Potts and Reilly, L.L.P.., Austin, TX


If an estate plan does not have a provision apportioning taxes, or the provision for the apportionment of taxes is ambiguous, then state law applies. While this is not the preferred choice among tax practitioners, there are clearly a number of times when a state's statute comes into effect. Estate of McCoy v. Comr., T.C. Memo 2009-61, is such a case.

In McCoy, the governing documents (a trust and a will) provided for specific bequests to individuals other than the decedent's wife to be paid from the residuary estate. Different definitions of “residuary” could be interpreted under the documents. The different definitions of “residuary” created ambiguity over the tax clause, which sourced the payment of taxes from the “residue of the trust.” No language specifically charged the payment of taxes to any particular share. The attorney who prepared the federal estate tax return reduced the specific bequests by their proportionate part of the estate taxes, under Utah's apportionment statute. Utah's apportionment statute apportions taxes to the source of the tax. As such, the property passing to the surviving spouse was not taxed. The IRS argued, however, that the marital share was the proper source of payment, and as such, additional estate taxes of approximately $412,000 were assessed on audit.

The Tax Court determined that unless the will clearly states that estate taxes shall be apportioned differently than under the state law, the state apportionment statute applies. The Tax Court sided with the Estate, determining that the will and revocable trust were unclear regarding the apportionment of tax. The IRS argued that the Tax Court should consider “extrinsic evidence” for the apportionment of taxes.

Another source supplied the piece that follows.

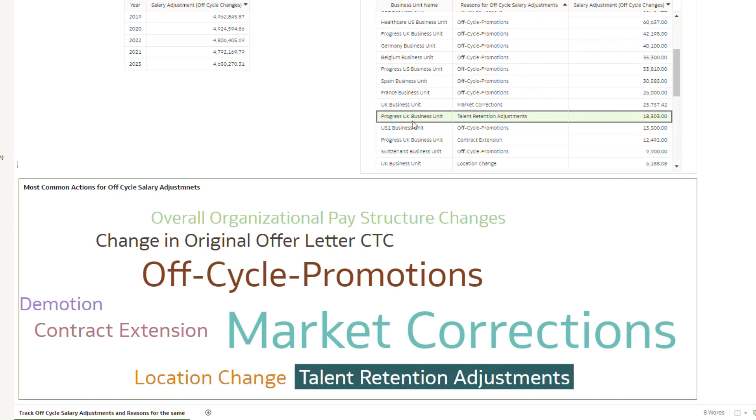Progress UK business unit is the only business unit which has utilized or done any off-cycle salary adjustments due to talent retention related adjustments.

The Tax Court, in a footnote, handled the evidentiary issues in an interesting way - noting that extrinsic evidence was not needed to interpret a will and revocable trust in which the decedent clearly did not address taxes at all, thus leaving the matter to the apportionment statute. The Tax Court explained that what little extrinsic evidence existed pointed toward: (a) the decedent being dyslexic, (b) the decedent signing a draft of his restated trust agreement without discussing it with his attorney, (c) the decedent never wanting to pay more taxes than absolutely necessary, and (d) the decedent never discussing the payment of taxes with his attorney or any one else. The Tax Court concluded that the decedent would have likely wanted taxes paid from the nonmarital share, which was the source of payment in the original trust agreement.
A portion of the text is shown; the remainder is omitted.